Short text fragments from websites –

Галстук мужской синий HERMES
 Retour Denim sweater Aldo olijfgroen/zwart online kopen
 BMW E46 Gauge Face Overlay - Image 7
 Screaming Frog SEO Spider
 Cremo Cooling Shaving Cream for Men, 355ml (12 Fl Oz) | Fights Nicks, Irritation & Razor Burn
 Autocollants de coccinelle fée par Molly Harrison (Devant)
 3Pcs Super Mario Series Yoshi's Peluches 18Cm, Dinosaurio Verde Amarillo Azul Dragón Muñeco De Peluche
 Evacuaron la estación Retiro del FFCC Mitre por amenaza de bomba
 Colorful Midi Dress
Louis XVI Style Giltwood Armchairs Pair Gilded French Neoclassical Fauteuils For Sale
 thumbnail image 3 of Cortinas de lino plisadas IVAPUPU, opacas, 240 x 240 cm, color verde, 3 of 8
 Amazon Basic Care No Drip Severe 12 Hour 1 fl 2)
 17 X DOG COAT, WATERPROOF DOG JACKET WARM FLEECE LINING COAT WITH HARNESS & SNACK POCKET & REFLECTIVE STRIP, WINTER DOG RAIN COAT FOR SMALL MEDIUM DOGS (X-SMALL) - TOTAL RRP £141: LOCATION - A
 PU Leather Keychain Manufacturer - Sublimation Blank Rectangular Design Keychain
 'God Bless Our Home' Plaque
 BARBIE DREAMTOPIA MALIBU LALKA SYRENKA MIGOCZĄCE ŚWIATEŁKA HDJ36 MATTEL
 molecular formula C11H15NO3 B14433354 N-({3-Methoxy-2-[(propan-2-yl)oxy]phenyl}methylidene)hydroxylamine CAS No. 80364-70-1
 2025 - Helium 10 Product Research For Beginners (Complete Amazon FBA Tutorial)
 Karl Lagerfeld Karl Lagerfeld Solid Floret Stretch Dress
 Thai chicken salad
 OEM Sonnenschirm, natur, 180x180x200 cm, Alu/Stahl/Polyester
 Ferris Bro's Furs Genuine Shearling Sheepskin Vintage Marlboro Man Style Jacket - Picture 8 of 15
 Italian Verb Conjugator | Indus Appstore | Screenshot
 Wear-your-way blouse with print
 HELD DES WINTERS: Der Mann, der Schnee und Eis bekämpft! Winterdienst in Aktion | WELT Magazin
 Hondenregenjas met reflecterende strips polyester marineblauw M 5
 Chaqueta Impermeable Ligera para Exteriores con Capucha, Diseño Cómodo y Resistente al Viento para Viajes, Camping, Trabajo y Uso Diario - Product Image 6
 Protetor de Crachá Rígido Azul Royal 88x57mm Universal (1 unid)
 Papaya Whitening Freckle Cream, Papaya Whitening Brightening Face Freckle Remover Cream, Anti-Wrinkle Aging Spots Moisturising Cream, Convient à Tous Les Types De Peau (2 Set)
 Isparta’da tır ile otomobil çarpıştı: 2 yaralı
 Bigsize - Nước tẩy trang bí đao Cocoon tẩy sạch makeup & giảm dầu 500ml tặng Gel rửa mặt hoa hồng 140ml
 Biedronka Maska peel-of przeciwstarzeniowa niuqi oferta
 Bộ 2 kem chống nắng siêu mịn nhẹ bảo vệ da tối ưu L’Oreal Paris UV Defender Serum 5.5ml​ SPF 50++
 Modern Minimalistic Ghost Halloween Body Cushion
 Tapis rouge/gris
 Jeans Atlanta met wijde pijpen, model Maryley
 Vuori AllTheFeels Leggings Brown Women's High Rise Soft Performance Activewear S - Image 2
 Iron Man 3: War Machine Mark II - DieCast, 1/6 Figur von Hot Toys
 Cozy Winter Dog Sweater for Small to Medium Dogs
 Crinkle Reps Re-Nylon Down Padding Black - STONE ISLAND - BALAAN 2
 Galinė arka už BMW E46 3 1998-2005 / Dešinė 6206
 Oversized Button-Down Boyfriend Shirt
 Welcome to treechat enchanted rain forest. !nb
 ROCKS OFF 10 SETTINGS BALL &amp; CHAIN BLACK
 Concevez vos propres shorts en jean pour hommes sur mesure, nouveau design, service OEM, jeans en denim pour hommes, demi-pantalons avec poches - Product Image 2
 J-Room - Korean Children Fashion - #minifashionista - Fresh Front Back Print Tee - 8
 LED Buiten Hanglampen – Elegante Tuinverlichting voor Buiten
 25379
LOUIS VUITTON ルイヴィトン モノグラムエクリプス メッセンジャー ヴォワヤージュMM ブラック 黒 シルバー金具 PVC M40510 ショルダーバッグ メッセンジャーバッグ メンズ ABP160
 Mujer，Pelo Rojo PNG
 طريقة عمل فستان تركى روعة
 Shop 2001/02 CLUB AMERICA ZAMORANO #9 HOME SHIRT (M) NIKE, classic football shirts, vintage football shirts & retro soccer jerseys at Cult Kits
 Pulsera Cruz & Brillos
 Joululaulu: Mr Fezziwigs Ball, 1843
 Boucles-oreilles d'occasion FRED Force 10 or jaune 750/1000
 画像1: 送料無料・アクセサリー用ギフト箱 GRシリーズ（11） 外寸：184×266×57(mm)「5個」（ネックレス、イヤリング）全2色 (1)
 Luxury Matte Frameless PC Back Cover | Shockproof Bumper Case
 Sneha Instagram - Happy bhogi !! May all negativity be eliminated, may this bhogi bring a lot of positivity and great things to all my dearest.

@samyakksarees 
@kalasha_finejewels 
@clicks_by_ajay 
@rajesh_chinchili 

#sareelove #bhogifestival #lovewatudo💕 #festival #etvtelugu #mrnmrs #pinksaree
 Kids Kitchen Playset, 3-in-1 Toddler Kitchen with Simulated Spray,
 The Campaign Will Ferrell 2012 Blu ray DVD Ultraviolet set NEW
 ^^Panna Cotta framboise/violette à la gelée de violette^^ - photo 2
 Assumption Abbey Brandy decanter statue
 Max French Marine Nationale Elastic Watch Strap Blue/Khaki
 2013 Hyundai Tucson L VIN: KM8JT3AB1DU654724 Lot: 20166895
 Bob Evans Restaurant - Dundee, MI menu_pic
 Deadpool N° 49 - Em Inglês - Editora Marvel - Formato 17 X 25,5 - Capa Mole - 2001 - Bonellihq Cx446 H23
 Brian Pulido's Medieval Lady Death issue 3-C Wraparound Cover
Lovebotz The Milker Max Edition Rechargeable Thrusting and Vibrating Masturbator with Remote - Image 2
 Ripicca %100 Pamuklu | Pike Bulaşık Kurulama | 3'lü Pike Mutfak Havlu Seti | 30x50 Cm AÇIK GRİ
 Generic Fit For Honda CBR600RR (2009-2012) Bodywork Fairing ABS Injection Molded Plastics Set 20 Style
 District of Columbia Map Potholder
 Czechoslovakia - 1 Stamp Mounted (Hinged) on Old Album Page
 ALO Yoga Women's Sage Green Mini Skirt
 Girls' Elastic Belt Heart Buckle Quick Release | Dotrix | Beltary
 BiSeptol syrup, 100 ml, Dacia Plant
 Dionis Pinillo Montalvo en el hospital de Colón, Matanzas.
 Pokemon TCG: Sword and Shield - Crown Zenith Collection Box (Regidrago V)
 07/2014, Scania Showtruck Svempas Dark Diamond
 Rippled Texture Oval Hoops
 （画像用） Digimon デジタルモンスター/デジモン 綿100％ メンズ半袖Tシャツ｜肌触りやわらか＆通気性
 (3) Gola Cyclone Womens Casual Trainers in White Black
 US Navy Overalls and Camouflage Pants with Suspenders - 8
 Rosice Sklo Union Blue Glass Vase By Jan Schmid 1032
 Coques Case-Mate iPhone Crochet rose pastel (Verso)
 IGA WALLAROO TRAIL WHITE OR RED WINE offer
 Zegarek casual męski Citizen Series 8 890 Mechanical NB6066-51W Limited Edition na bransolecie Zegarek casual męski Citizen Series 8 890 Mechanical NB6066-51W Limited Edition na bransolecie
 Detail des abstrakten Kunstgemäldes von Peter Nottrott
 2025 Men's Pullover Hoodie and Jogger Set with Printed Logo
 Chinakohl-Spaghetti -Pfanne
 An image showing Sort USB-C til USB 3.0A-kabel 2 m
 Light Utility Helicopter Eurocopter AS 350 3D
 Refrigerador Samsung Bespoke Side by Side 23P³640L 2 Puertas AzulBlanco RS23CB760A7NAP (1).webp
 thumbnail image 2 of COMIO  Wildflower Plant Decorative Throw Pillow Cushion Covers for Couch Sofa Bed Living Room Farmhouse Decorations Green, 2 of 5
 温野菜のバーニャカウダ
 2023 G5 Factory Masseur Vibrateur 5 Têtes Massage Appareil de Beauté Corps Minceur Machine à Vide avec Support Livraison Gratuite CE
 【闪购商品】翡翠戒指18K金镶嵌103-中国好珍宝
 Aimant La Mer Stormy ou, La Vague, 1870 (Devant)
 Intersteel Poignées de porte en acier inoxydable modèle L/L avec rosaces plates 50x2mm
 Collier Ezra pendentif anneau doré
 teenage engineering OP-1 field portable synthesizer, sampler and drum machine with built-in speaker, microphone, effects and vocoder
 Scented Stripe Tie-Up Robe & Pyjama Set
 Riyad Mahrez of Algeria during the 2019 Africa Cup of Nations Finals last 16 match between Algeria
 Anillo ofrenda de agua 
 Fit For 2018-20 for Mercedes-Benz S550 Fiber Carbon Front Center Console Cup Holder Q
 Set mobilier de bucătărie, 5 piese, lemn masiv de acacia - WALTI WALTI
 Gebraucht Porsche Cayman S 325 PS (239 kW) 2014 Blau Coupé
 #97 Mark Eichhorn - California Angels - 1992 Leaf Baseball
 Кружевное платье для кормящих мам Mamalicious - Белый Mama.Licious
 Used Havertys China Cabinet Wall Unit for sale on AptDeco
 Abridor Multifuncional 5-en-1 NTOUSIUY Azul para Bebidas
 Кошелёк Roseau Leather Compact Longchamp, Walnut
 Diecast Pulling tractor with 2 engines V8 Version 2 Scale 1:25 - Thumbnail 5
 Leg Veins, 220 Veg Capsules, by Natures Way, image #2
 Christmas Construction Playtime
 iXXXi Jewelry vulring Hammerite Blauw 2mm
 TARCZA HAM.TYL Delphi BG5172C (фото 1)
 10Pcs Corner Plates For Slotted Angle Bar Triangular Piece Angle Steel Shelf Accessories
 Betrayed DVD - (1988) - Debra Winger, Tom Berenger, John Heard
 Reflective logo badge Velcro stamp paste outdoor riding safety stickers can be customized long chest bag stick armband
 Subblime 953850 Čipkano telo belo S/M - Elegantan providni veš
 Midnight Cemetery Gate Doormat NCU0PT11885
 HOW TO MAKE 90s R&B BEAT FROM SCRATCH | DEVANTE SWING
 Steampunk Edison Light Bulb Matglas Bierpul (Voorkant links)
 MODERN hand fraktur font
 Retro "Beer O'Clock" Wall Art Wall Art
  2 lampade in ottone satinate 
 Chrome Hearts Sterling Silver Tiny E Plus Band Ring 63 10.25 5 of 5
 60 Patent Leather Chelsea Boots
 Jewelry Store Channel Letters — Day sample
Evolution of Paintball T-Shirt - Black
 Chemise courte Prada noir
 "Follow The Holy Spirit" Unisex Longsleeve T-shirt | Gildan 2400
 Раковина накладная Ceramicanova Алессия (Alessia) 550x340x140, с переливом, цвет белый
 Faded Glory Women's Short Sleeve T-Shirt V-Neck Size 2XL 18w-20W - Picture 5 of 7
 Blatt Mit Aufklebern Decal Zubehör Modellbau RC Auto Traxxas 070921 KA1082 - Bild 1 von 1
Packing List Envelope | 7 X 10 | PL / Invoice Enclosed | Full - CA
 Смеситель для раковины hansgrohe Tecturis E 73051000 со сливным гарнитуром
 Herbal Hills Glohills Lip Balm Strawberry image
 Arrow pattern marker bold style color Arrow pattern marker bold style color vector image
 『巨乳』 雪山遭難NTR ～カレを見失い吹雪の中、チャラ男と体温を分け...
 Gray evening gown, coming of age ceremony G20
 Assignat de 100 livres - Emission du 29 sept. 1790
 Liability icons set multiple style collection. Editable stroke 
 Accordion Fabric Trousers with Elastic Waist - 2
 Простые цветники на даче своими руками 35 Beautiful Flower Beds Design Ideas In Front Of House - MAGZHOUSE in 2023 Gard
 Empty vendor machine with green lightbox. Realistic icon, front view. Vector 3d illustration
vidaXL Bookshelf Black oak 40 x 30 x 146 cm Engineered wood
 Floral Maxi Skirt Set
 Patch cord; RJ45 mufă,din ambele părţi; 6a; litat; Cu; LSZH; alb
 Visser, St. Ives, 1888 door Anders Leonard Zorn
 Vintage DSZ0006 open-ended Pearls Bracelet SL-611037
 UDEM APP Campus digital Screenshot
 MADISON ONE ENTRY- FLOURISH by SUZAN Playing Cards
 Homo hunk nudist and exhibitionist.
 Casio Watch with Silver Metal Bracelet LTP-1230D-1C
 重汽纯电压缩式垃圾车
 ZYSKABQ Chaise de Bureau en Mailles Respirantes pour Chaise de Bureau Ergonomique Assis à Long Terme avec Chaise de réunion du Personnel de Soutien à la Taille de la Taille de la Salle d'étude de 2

Work required – Could you reproduce, exactly, every line above from the line with "Oversized Button-Down Boyfriend Shirt" to the line with "#sareelove #bhogifestival #lovewatudo💕", and no other line? Both ends count.

Exercise output –
 Oversized Button-Down Boyfriend Shirt
 Welcome to treechat enchanted rain forest. !nb
 ROCKS OFF 10 SETTINGS BALL &amp; CHAIN BLACK
 Concevez vos propres shorts en jean pour hommes sur mesure, nouveau design, service OEM, jeans en denim pour hommes, demi-pantalons avec poches - Product Image 2
 J-Room - Korean Children Fashion - #minifashionista - Fresh Front Back Print Tee - 8
 LED Buiten Hanglampen – Elegante Tuinverlichting voor Buiten
 25379
LOUIS VUITTON ルイヴィトン モノグラムエクリプス メッセンジャー ヴォワヤージュMM ブラック 黒 シルバー金具 PVC M40510 ショルダーバッグ メッセンジャーバッグ メンズ ABP160
 Mujer，Pelo Rojo PNG
 طريقة عمل فستان تركى روعة
 Shop 2001/02 CLUB AMERICA ZAMORANO #9 HOME SHIRT (M) NIKE, classic football shirts, vintage football shirts & retro soccer jerseys at Cult Kits
 Pulsera Cruz & Brillos
 Joululaulu: Mr Fezziwigs Ball, 1843
 Boucles-oreilles d'occasion FRED Force 10 or jaune 750/1000
 画像1: 送料無料・アクセサリー用ギフト箱 GRシリーズ（11） 外寸：184×266×57(mm)「5個」（ネックレス、イヤリング）全2色 (1)
 Luxury Matte Frameless PC Back Cover | Shockproof Bumper Case
 Sneha Instagram - Happy bhogi !! May all negativity be eliminated, may this bhogi bring a lot of positivity and great things to all my dearest.

@samyakksarees 
@kalasha_finejewels 
@clicks_by_ajay 
@rajesh_chinchili 

#sareelove #bhogifestival #lovewatudo💕 #festival #etvtelugu #mrnmrs #pinksaree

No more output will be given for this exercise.